Esta descontrolado, con el instinto animal cazador en primera línea. Escala por el lateral del colchón y araña furiosamente las sábanas. Se lanza contra los dedos de mis pies y los muerde con destreza: primero, pincha con los caninos e incisores, pero no tarda demasiado en intentar triturar “las presas” con los premolares y molares, lo que duele, y mucho.
Hanki debe de creer que mis dedos son gorriones. En su juego salvaje, pretende tragarlos.

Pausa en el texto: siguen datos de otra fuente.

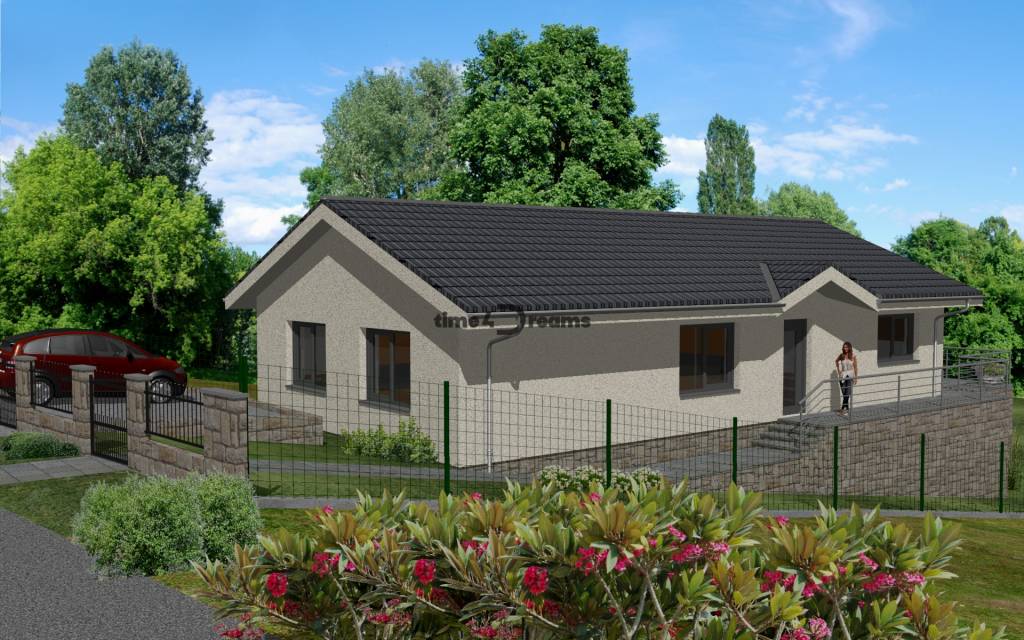 NA PREDAJ 4 izbový dom v obci Ladice - 2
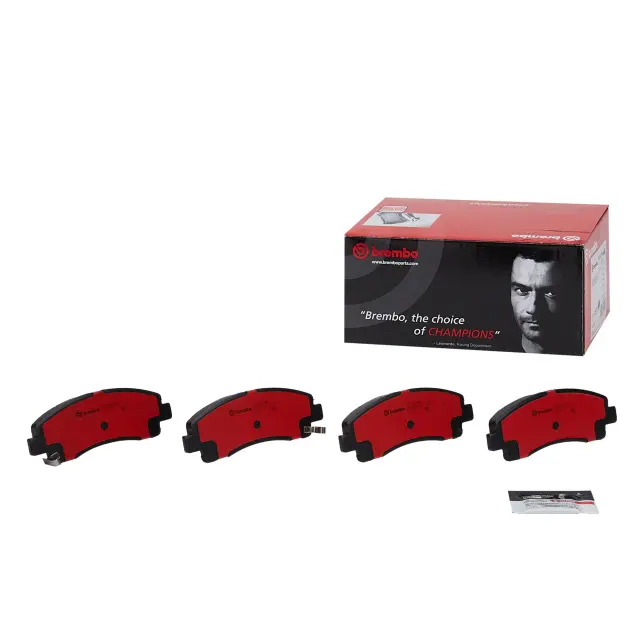 P28073N - Brakes &amp; Brake Parts: Disc Brake Pad Set for Brembo Image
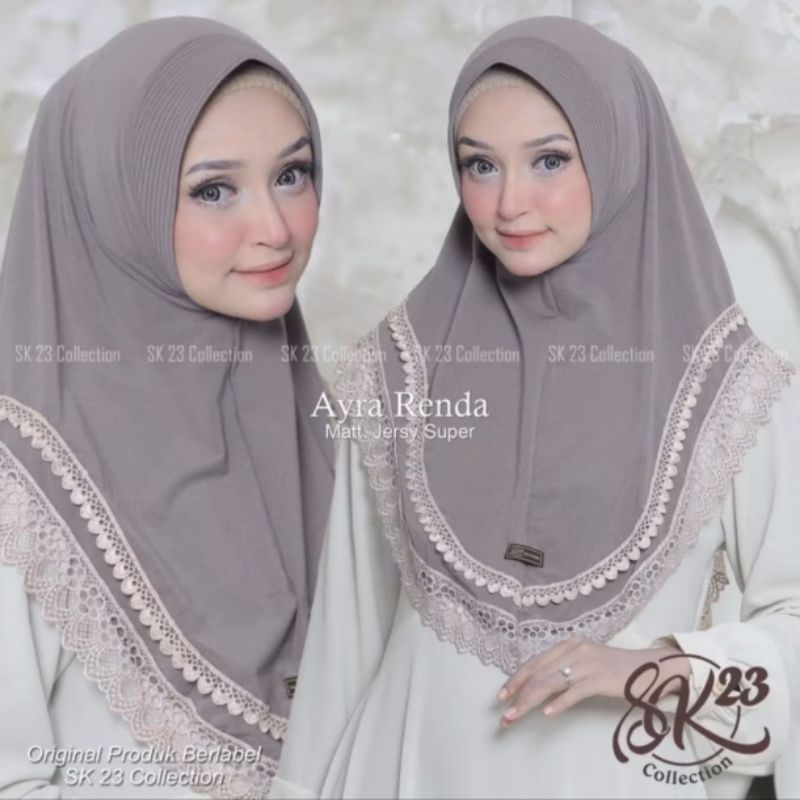 Jilbab Instan Ayra Renda ori SK23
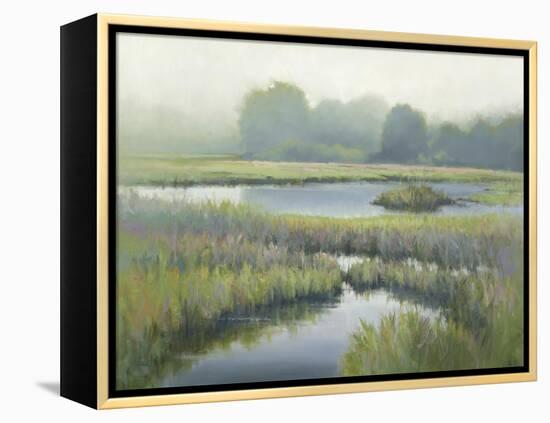 Morning at Edmonds Marsh-David Marty-Framed Premier Image Canvas
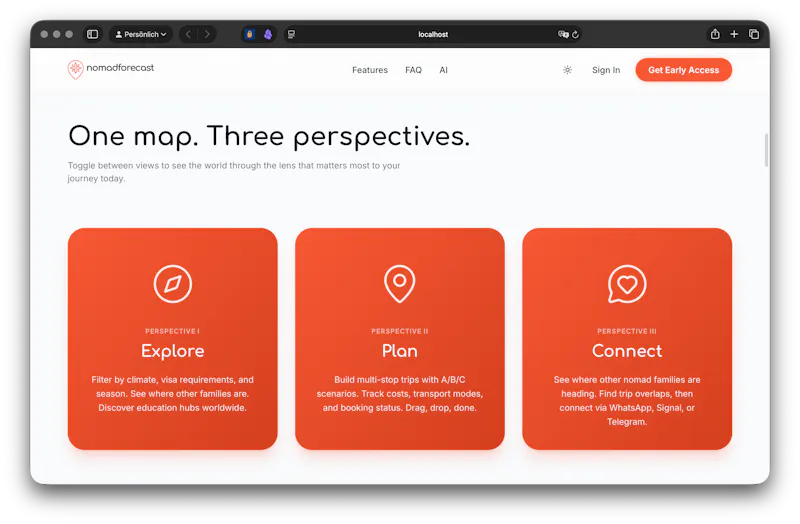 Nomadforecast screenshot 2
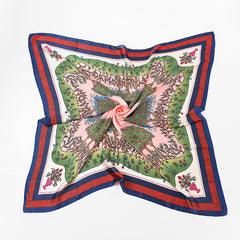 Silk Scarf Satin Large Square Scarf Shawl For Women Lightweight Neck Scarf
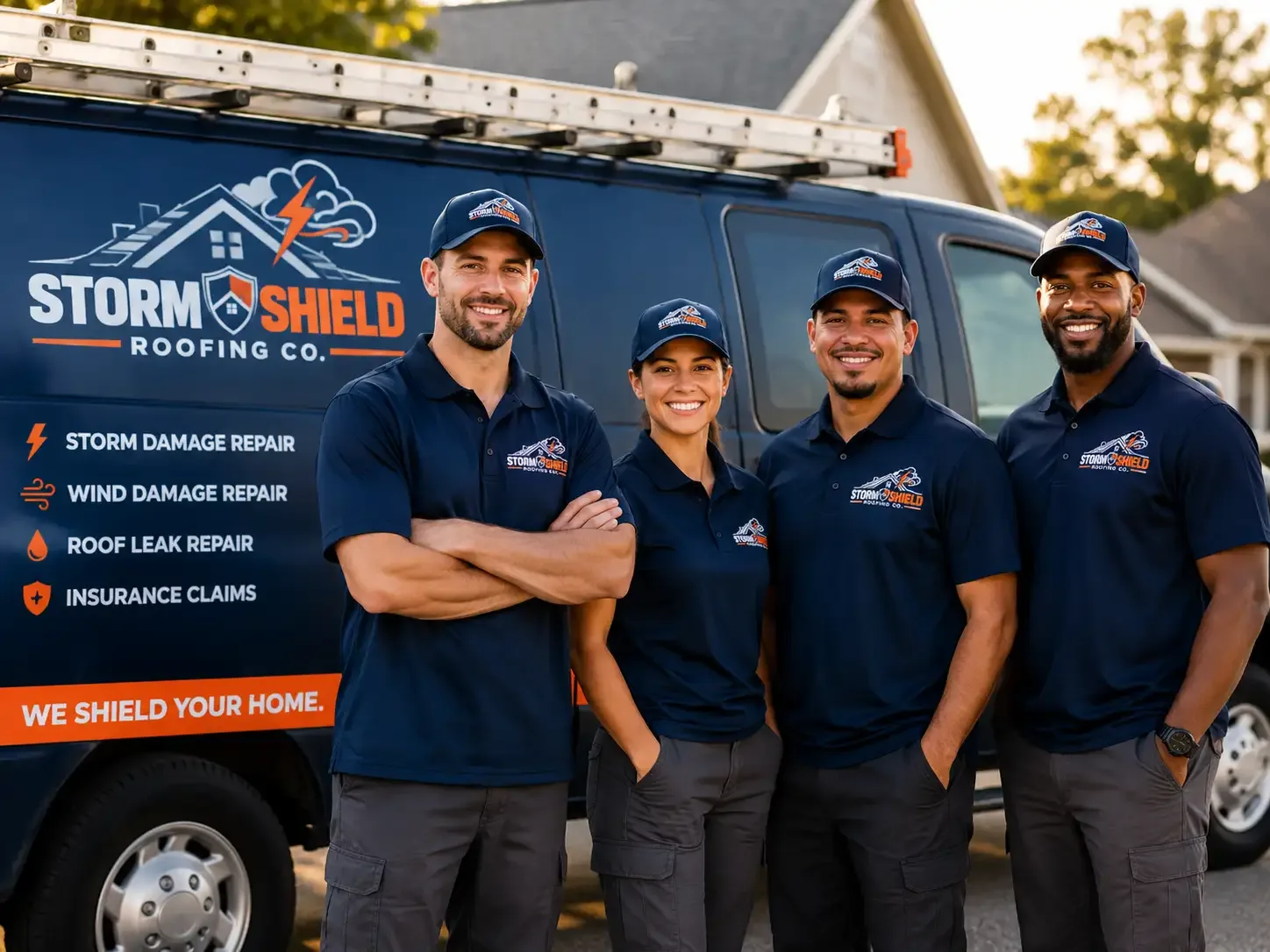Storm Damage Roof Repair company in Eden, MD
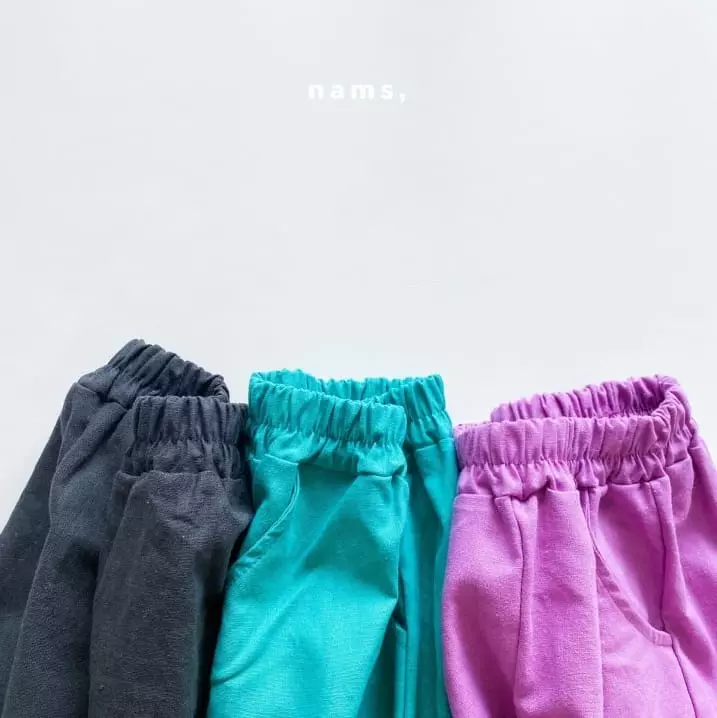 Nams - Korean Children Fashion - #fashionkids - Linen Summer Pants - 5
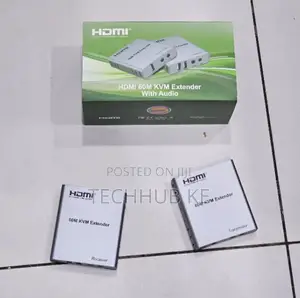 60M HDMI KVM Extender With USB Keyboard Mouse Support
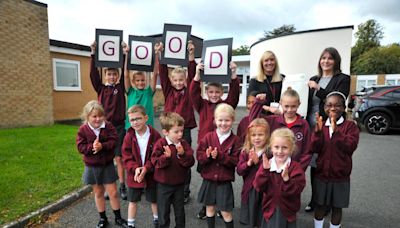 Swindon school placed into special measures bounces back with new Ofsted score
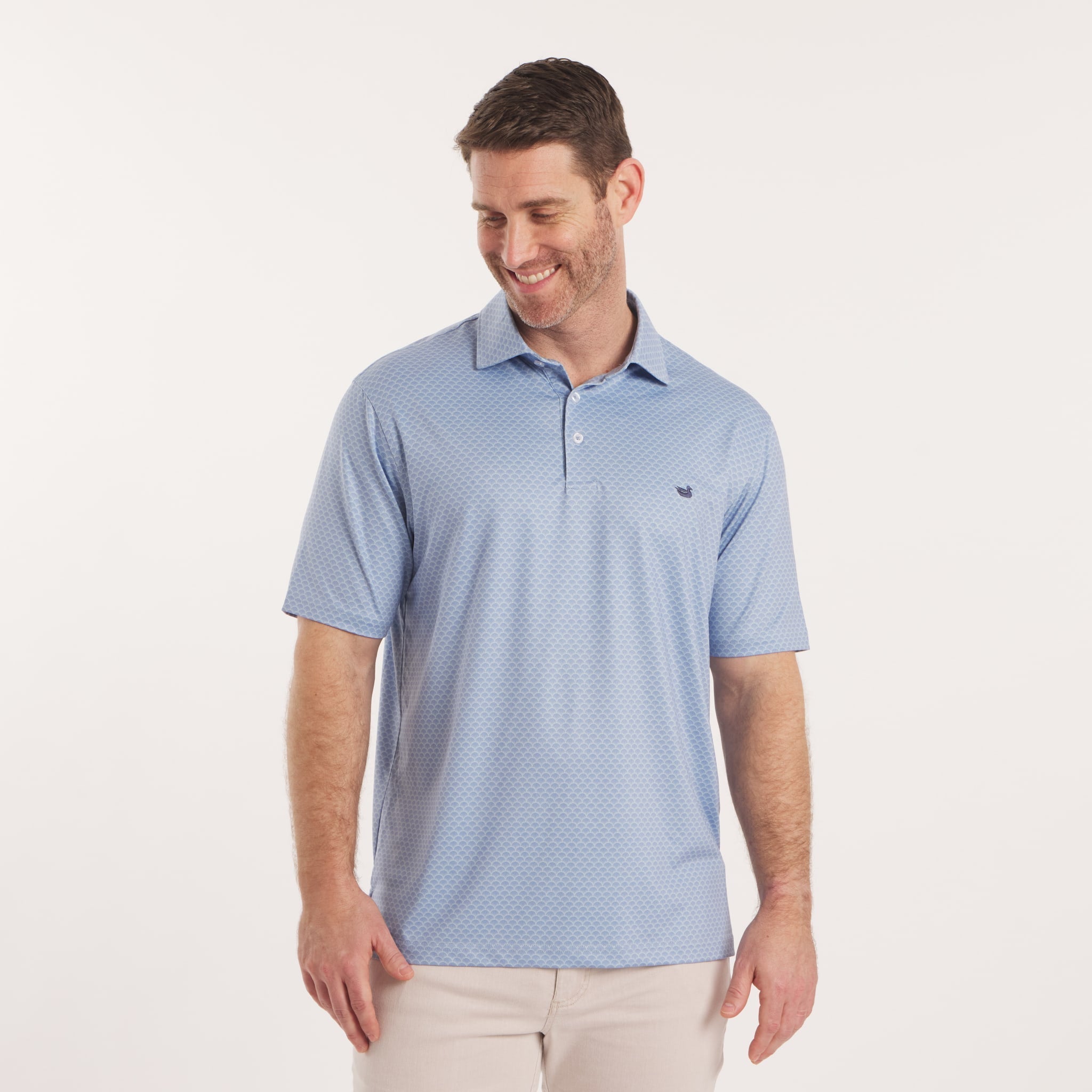 Flyline Performance Polo - Shell Shock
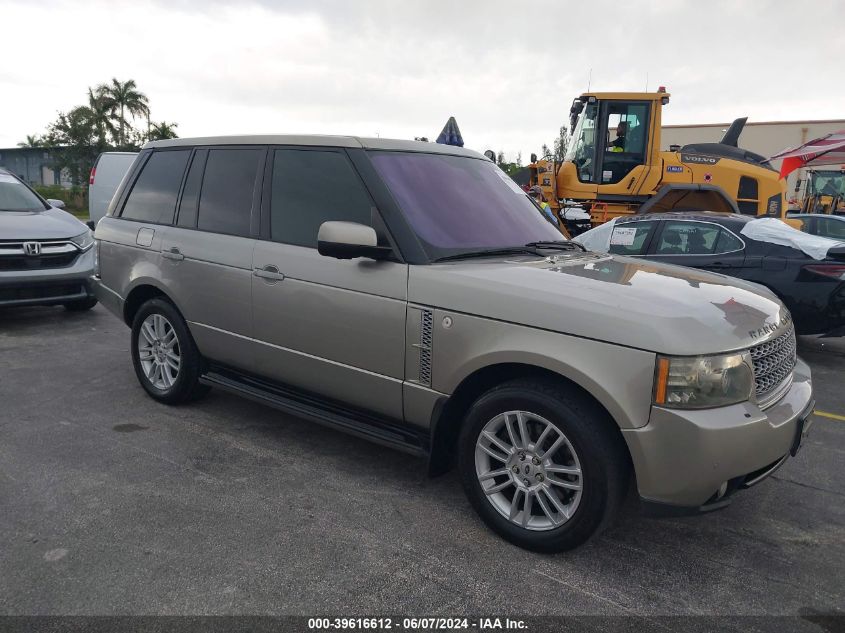 2010 LAND ROVER RANGE ROVER HSE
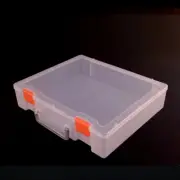 Transparent Plastic Storage Box Lego Toy Organization Drone Educational Toys Cus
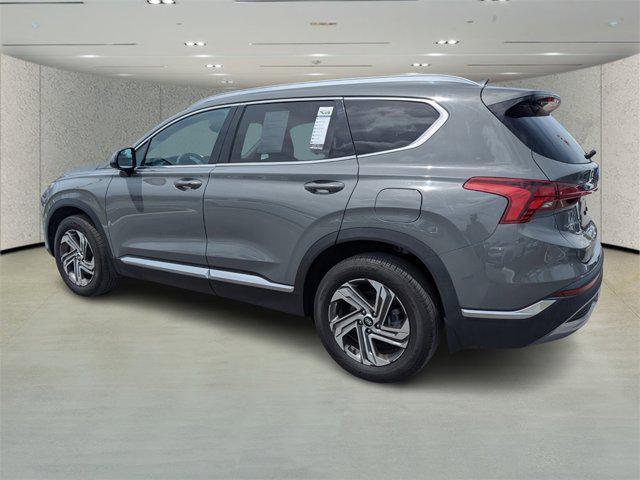 used 2022 Hyundai Santa Fe car, priced at $20,492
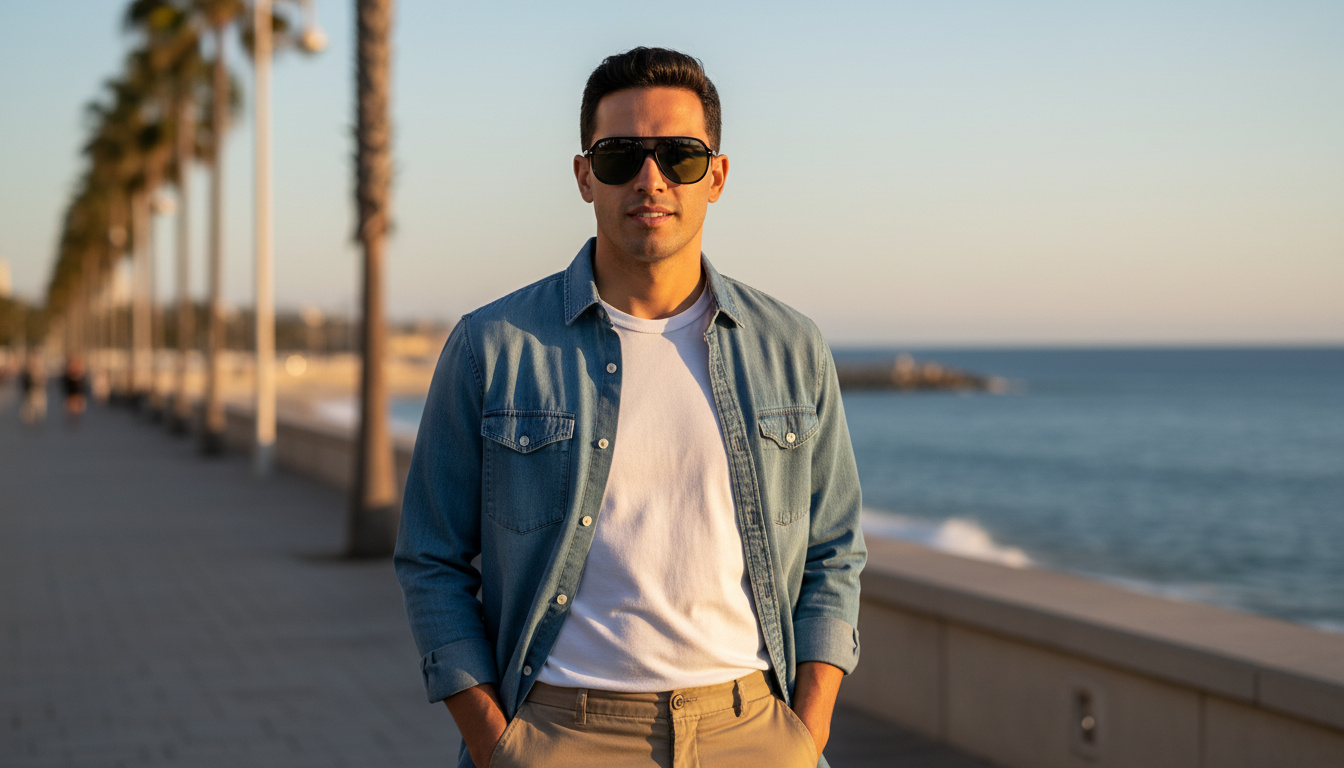 Widok z przodu Ray-Ban BILL (RB2198 - 901/58)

Así es el cachorro con dos meses, juguetón, saltando por toda la superficie de la cama en busca de morder lo que se mueve minimamente bajo las sabanas. Cruzando velozmente la casa, de lado a lado, persiguiendo bolas de papel albal o sombras que cruzan por su imaginación felina.
No se que me pasa con los gatos, pero es maravilloso entenderlos, sentir su fuerza y destreza, comprender sus necesidades y respetar su independencia. El gato no tiene amo: es el amo. Come y bebe cuando y donde él desea. De igual manea hace con su cariño: te lo ofrece a su antojo. Viene ronroneando y frota su cabeza contra mi mano. Se acerca lentamente a mi cara y me lame la nariz. Es sutil, pero tan intenso como los ladridos y lametones de un perro.
Algo poderoso e inalterable me une a los gatos, desde siempre, por eso, amo a Hanki, mí cachorro de pelo blanco inmaculado, el pequeño felino que en dos días ya es un miembro más de la familia.